Is there a future for expanded gambling in Florida without the Seminole Tribe? 

Not unless the federal government changes fundamentally the Indian Gaming Regulatory Act, or there's a Supreme Court ruling that fundamentally changes aspects of how gaming works on reservation lands. And I will tell you with Neil Gorsuch being on the Supreme Court and the court makeup as it is right now, I don't see the Supreme Court undermining any aspect of (that law). The tribes are too powerful for Congress to pass something that would undermine what they have. And I’m talking about the national tribal machine, which is approaching a trillion-dollar operation now. It's so incredibly large, the amount of money going through their system. 

What's the next big thing in gambling to happen that we don't know about?

That depends on the new Florida Gaming Control Commission. Those five gaming commissioners and what they do over the next couple years as they stand this agency up and start to develop its personality, to me that's the known unknown, that's what everybody should be focusing on. Those commissioners were given plenary authority over all of the criminal laws related to gaming in Florida. Now, their regulatory authority is still very, very truncated.

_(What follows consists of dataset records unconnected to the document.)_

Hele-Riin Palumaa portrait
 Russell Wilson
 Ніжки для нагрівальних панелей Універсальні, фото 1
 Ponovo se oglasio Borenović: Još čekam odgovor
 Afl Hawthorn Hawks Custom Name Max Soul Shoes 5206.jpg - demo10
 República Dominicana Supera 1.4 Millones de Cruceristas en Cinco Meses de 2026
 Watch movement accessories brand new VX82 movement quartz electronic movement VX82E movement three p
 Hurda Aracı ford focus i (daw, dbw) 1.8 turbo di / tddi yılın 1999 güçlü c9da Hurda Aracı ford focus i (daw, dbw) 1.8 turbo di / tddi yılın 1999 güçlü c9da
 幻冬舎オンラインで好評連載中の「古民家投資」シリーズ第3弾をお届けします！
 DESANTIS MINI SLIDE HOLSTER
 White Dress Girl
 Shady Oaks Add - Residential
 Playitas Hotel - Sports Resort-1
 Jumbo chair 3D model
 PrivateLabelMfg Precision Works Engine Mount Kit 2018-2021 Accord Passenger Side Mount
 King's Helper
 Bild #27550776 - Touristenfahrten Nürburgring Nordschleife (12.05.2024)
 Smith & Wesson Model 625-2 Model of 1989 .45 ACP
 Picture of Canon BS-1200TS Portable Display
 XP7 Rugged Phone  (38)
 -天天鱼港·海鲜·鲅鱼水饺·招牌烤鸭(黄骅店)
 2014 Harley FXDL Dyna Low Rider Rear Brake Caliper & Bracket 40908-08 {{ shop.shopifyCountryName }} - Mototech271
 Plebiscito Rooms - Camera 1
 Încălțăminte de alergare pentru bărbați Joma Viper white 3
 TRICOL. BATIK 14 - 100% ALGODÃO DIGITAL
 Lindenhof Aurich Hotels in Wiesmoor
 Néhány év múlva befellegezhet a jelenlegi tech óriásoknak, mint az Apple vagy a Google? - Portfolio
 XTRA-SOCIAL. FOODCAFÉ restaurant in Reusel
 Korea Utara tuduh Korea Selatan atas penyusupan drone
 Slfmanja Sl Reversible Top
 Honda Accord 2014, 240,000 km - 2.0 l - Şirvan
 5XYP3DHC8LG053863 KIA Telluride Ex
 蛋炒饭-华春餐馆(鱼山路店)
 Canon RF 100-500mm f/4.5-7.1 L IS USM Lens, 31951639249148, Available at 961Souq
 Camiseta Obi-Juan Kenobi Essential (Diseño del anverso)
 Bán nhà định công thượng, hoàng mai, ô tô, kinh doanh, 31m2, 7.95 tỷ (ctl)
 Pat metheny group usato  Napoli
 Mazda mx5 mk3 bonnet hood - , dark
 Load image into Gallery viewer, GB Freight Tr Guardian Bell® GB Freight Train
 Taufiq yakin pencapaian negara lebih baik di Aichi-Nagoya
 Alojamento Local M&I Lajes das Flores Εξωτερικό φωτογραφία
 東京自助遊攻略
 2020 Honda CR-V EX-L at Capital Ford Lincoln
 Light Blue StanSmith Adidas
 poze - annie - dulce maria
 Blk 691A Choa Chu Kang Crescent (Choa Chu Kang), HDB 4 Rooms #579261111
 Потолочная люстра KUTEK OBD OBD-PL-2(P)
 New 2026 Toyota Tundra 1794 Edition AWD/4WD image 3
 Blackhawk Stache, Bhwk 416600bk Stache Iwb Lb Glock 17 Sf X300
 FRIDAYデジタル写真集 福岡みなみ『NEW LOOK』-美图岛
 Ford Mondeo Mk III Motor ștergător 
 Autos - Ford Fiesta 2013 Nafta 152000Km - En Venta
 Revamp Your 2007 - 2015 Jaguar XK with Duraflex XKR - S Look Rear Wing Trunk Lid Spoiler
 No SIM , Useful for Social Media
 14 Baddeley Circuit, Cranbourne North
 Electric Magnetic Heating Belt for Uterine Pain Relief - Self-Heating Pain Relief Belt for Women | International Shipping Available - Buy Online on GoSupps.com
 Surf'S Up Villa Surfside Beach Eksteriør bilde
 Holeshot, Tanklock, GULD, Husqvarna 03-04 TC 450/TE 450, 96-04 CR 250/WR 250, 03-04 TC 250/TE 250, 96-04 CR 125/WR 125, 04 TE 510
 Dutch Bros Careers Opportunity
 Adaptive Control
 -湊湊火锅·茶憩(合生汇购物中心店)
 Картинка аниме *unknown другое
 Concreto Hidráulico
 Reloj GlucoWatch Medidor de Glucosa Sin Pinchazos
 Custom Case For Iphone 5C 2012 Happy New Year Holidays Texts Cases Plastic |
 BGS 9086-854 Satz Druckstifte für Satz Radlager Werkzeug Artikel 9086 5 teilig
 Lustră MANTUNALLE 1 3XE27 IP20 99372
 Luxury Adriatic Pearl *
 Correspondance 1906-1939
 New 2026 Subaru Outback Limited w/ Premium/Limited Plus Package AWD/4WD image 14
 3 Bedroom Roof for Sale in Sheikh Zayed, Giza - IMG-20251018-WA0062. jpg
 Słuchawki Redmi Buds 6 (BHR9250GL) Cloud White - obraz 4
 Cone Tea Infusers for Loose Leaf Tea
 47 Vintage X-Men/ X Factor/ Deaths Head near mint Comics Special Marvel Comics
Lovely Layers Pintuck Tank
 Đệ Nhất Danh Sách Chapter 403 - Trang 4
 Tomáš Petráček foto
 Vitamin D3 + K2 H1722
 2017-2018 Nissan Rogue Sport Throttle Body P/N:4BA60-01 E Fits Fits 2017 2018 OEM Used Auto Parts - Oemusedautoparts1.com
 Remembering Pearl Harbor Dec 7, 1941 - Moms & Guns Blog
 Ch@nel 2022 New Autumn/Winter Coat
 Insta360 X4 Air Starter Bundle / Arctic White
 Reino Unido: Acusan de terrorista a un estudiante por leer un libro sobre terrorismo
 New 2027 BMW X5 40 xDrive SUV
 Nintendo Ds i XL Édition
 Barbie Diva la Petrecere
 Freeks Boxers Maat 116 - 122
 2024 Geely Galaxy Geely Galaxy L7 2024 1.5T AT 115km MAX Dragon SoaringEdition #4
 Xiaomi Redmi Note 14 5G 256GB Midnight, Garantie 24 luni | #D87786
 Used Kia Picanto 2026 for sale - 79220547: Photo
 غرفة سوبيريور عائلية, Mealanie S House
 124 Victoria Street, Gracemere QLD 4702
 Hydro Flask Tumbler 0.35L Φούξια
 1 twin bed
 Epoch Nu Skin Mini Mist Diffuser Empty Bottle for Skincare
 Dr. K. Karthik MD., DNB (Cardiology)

But from a law enforcement standpoint, their authority is as strong as any other commission out there. And bringing logic back into Florida's gray market slot machine regime … well, I say logic, but actually enforcing the laws so that some of the billions of dollars in leakage that’s taking away from lottery sales and and the legal slot machine market is going to capture a lot of attention over the next two, three, four years. But we don't know what ripples are going to result from the commission tossing a little pebble that leads to some gaming legislation nobody sees coming.